それこそ究極のコンセプトアルバムだった『Japonism』とは対照的に、この『Are You Happy?』にはサウンド面・歌詞面ではっきりコンセプトと言い切れるものは存在しない。その代わり、1曲1曲のクオリティをとことん上げていくという個別の作業に集中してこだわりまくった結果として、粒ぞろいの曲が詰まったポップアルバムが誕生してしまったのだろう。

本作ではコンセプトがないことが即ち自由に繋がっている。冒頭から最後まで様々なタイプ、ジャンルのサウンドが入れ替わり立ち替わり現れ、ファンクかと思えばエレクトロ、エレクトロから歌謡曲へ、歌謡曲からギターポップ、からのヒップホップ、そしてR&Bへと、ばらばらだったはずの各曲の方向性が気づいた頃にはぎゅっと濃縮還元された「楽しさ」に集約されていく感覚がまさにポップ!

そしてその賑やかでカラフルな本作の楽しさを要所要所で引き締めていく役割を担っているのが、アルバムに先がけてリリースされたシングルナンバーの数々だ。山下達郎の“復活LOVE”はまさにトップオブザポップたる風格で、ダイアモンドみたいなゴージャスな輝きを放っているし、某結婚情報誌のCMソングだった“愛を叫べ”は、そのシンプルなメロディラインの一方でバックトラックとコーラス処理が滅茶苦茶凝っていたことに改めて気づかされたりする。

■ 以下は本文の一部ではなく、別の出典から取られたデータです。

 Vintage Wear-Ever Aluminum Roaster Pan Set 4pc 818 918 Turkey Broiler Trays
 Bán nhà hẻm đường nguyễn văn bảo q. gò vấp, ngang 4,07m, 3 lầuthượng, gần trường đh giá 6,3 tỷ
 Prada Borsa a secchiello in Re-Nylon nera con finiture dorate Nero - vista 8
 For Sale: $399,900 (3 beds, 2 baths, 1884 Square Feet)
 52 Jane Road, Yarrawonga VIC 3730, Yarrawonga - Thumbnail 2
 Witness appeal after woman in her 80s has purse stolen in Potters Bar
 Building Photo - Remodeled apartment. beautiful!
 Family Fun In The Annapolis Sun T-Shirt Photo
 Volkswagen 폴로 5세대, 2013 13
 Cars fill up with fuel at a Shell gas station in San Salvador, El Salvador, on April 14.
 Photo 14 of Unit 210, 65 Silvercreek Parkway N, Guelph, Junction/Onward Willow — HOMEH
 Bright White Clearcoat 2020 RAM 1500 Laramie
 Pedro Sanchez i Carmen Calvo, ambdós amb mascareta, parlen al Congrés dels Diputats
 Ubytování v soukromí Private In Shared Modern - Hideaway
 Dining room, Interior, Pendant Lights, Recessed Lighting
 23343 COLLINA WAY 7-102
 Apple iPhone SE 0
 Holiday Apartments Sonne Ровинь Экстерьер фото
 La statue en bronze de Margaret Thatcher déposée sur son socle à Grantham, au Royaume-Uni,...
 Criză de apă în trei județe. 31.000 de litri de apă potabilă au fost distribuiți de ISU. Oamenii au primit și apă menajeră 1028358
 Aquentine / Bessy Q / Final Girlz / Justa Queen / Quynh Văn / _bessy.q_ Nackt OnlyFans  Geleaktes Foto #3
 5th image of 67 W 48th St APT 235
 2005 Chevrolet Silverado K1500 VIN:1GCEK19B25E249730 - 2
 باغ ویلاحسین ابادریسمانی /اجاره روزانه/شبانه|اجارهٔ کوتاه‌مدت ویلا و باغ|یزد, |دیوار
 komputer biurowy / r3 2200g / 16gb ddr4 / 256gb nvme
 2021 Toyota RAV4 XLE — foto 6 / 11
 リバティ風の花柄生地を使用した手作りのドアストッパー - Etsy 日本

そう、この『Are You Happy?』は究極のポップアルバムであると同時に、これまでの嵐のディスコグラフィーの中でも一、二を争うディープな音楽的先鋭が試されているアルバムでもあるのも凄いのだ。 “Ups and Downs”のリズムとホーンセクションは「え、そっち行くの?」と驚くほどマニアックな足取りで大胆に転調していくし、5人のフレンドリーな歌声が乗ることで一気にお茶の間化していくものの、“WONDER-LOVE”はクラブでかかっていても遜色ない最新エレクトロチューンだったりもする。

本作にはおなじみのコラボレーターから海外勢、そして意外な顔ぶれまで多くのアーティストが参加し、楽曲を提供しているが、彼らの仕事にはアイドルソングゆえの制約よりも、スーパーアイドル嵐によって広げられたポップの可能性を信じ、使いきる楽しさをより強く感じさせるものだ。彼らのソングライティングやアレンジには、日本一のアイドルである嵐に対する遠慮や萎縮がまったくない。優れたポップソングとは、誰にでも分かるように中庸を探っても作ることはできない。アーティストの創造性を120%絞り出した上で、それを平易に聴かせ、届ける説得力をもってして初めて生まれるものだ。嵐からジャスティン・ビーバーまで、トップアイドルの最新音源を聴いているとつくづくそう思う。

ちなみに松本潤のソロナンバー“Baby blue”の 90年代の渋谷系前後のムードを彷彿させるレアグルーヴ、フレンチポップ感が面白いなと思ってクレジットをチェックしたら、ギターを弾いているのが高野寛で思わず「納得……!」となってしまった。そんな“Baby blue”をはじめ、5人のソロ曲も今回はバラエティかつ意外性が随所に散りばめられたものになっている。

嵐きっての美声の持ち主である大野智のソロ曲“Bad boy”が、オートチューン全開でボーカルにエフェクトかかりまくりの4つ打ちのEDMナンバーだったのには驚いたが、むしろこれはコンサートでの大野のダンスに嫌でも期待が高まるという嬉しい意外性だろう。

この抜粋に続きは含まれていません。